Provided data section start

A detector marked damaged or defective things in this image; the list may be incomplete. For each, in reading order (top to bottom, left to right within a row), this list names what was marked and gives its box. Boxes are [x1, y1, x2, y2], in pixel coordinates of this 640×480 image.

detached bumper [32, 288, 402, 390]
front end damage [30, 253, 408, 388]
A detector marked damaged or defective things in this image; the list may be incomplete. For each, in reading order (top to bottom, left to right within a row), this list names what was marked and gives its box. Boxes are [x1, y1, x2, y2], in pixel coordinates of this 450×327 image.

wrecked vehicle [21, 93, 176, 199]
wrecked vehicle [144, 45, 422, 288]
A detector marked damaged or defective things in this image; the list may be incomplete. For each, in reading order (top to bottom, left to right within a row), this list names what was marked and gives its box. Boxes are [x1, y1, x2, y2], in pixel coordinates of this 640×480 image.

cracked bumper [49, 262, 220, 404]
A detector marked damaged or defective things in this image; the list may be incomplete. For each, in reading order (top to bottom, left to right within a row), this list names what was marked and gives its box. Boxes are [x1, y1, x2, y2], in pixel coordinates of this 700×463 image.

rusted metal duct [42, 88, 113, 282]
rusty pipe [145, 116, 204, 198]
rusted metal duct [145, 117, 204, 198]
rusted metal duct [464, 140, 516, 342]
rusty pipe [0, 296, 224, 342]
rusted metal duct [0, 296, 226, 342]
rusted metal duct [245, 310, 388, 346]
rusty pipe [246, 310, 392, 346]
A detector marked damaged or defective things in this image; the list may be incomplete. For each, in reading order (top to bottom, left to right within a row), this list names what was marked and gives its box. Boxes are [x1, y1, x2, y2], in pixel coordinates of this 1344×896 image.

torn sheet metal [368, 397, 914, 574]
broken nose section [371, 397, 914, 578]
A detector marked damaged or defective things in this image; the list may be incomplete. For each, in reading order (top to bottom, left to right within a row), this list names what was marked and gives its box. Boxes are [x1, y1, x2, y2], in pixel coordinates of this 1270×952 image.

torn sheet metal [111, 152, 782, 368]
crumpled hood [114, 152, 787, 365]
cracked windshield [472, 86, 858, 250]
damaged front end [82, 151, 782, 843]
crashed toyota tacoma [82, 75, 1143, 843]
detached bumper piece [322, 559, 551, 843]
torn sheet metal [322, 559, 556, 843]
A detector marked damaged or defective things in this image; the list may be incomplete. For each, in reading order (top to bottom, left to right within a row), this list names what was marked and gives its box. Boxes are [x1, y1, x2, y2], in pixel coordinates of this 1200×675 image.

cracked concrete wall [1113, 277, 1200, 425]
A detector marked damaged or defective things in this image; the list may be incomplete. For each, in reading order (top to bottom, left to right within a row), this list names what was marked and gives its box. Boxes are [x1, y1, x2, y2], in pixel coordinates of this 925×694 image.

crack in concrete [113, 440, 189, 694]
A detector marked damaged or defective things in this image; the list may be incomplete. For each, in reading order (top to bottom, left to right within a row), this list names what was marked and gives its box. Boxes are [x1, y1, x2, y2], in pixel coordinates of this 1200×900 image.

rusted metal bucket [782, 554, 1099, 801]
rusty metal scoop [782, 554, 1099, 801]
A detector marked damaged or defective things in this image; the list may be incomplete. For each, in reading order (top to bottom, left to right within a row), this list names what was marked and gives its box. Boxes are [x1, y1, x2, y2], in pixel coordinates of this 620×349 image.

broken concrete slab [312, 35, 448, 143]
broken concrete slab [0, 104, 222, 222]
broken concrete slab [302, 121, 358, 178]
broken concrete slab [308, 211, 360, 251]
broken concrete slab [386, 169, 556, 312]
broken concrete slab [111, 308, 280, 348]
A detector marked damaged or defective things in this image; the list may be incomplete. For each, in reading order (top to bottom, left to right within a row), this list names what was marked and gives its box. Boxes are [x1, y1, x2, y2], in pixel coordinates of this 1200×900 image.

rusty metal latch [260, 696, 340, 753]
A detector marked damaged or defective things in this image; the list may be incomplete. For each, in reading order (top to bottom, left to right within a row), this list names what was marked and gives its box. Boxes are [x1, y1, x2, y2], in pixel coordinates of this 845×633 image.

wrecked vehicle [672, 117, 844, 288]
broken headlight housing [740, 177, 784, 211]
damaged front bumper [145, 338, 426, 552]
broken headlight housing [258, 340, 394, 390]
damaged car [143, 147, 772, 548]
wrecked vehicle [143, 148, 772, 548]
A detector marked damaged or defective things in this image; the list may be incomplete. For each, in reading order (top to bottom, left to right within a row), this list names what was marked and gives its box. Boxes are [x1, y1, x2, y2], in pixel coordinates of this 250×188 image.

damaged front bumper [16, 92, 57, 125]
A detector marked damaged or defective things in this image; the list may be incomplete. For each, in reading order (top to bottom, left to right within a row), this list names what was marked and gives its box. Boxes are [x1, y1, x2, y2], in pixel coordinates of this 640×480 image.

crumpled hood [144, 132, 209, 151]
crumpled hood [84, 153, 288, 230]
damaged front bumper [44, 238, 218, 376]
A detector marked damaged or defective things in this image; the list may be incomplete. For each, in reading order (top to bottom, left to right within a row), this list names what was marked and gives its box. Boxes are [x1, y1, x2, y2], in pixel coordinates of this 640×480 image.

Provided data section end

All the entries above should come back exactly as they are written.

### Result of the task
A detector marked damaged or defective things in this image; the list may be incomplete. For each, in reading order (top to bottom, left to right within a row), this list names what was marked and gives its box. Boxes are [x1, y1, x2, y2], in pixel coordinates of this 640×480 image.

detached bumper [32, 288, 402, 390]
front end damage [30, 253, 408, 388]
A detector marked damaged or defective things in this image; the list may be incomplete. For each, in reading order (top to bottom, left to right within a row), this list names what was marked and gives its box. Boxes are [x1, y1, x2, y2], in pixel coordinates of this 450×327 image.

wrecked vehicle [21, 93, 176, 199]
wrecked vehicle [144, 45, 422, 288]
A detector marked damaged or defective things in this image; the list may be incomplete. For each, in reading order (top to bottom, left to right within a row), this list names what was marked and gives its box. Boxes are [x1, y1, x2, y2], in pixel coordinates of this 640×480 image.

cracked bumper [49, 262, 220, 404]
A detector marked damaged or defective things in this image; the list may be incomplete. For each, in reading order (top to bottom, left to right within a row), this list names what was marked and gives its box. Boxes are [x1, y1, x2, y2], in pixel coordinates of this 700×463 image.

rusted metal duct [42, 88, 113, 282]
rusty pipe [145, 116, 204, 198]
rusted metal duct [145, 117, 204, 198]
rusted metal duct [464, 140, 516, 342]
rusty pipe [0, 296, 224, 342]
rusted metal duct [0, 296, 226, 342]
rusted metal duct [245, 310, 388, 346]
rusty pipe [246, 310, 392, 346]
A detector marked damaged or defective things in this image; the list may be incomplete. For each, in reading order (top to bottom, left to right within a row), this list names what was marked and gives its box. Boxes are [x1, y1, x2, y2], in pixel coordinates of this 1344×896 image.

torn sheet metal [368, 397, 914, 574]
broken nose section [371, 397, 914, 578]
A detector marked damaged or defective things in this image; the list may be incomplete. For each, in reading order (top to bottom, left to right within a row), this list names what was marked and gives its box. Boxes are [x1, y1, x2, y2], in pixel coordinates of this 1270×952 image.

torn sheet metal [111, 152, 782, 368]
crumpled hood [114, 152, 787, 365]
cracked windshield [472, 86, 858, 250]
damaged front end [82, 151, 782, 843]
crashed toyota tacoma [82, 75, 1143, 843]
detached bumper piece [322, 559, 551, 843]
torn sheet metal [322, 559, 556, 843]
A detector marked damaged or defective things in this image; the list may be incomplete. For each, in reading order (top to bottom, left to right within a row), this list names what was marked and gives its box. Boxes are [x1, y1, x2, y2], in pixel coordinates of this 1200×675 image.

cracked concrete wall [1113, 277, 1200, 425]
A detector marked damaged or defective things in this image; the list may be incomplete. For each, in reading order (top to bottom, left to right within a row), this list names what was marked and gives its box. Boxes are [x1, y1, x2, y2], in pixel coordinates of this 925×694 image.

crack in concrete [113, 440, 189, 694]
A detector marked damaged or defective things in this image; the list may be incomplete. For each, in reading order (top to bottom, left to right within a row), this list names what was marked and gives its box. Boxes are [x1, y1, x2, y2], in pixel coordinates of this 1200×900 image.

rusted metal bucket [782, 554, 1099, 801]
rusty metal scoop [782, 554, 1099, 801]
A detector marked damaged or defective things in this image; the list may be incomplete. For each, in reading order (top to bottom, left to right within a row), this list names what was marked and gives its box. Boxes are [x1, y1, x2, y2], in pixel coordinates of this 620×349 image.

broken concrete slab [312, 35, 448, 143]
broken concrete slab [0, 104, 222, 222]
broken concrete slab [302, 121, 358, 178]
broken concrete slab [308, 211, 360, 251]
broken concrete slab [386, 169, 556, 312]
broken concrete slab [111, 308, 280, 348]
A detector marked damaged or defective things in this image; the list may be incomplete. For each, in reading order (top to bottom, left to right within a row), this list names what was marked and gives its box. Boxes are [x1, y1, x2, y2], in pixel coordinates of this 1200×900 image.

rusty metal latch [260, 696, 340, 753]
A detector marked damaged or defective things in this image; the list may be incomplete. For each, in reading order (top to bottom, left to right within a row), this list names what was marked and gives its box. Boxes are [x1, y1, x2, y2], in pixel coordinates of this 845×633 image.

wrecked vehicle [672, 117, 844, 288]
broken headlight housing [740, 177, 784, 211]
damaged front bumper [145, 338, 426, 552]
broken headlight housing [258, 340, 394, 390]
damaged car [143, 147, 772, 548]
wrecked vehicle [143, 148, 772, 548]
A detector marked damaged or defective things in this image; the list may be incomplete. For each, in reading order (top to bottom, left to right within a row), this list names what was marked and gives its box. Boxes are [x1, y1, x2, y2], in pixel coordinates of this 250×188 image.

damaged front bumper [16, 92, 57, 125]
A detector marked damaged or defective things in this image; the list may be incomplete. For each, in reading order (top to bottom, left to right within a row), this list names what was marked and gives its box. Boxes are [x1, y1, x2, y2], in pixel coordinates of this 640×480 image.

crumpled hood [144, 132, 209, 151]
crumpled hood [84, 153, 288, 230]
damaged front bumper [44, 238, 218, 376]
A detector marked damaged or defective things in this image; the list may be incomplete. For each, in reading order (top to bottom, left to right within a row), this list names what was marked and gives its box. Boxes are [x1, y1, x2, y2], in pixel coordinates of this 640×480 image.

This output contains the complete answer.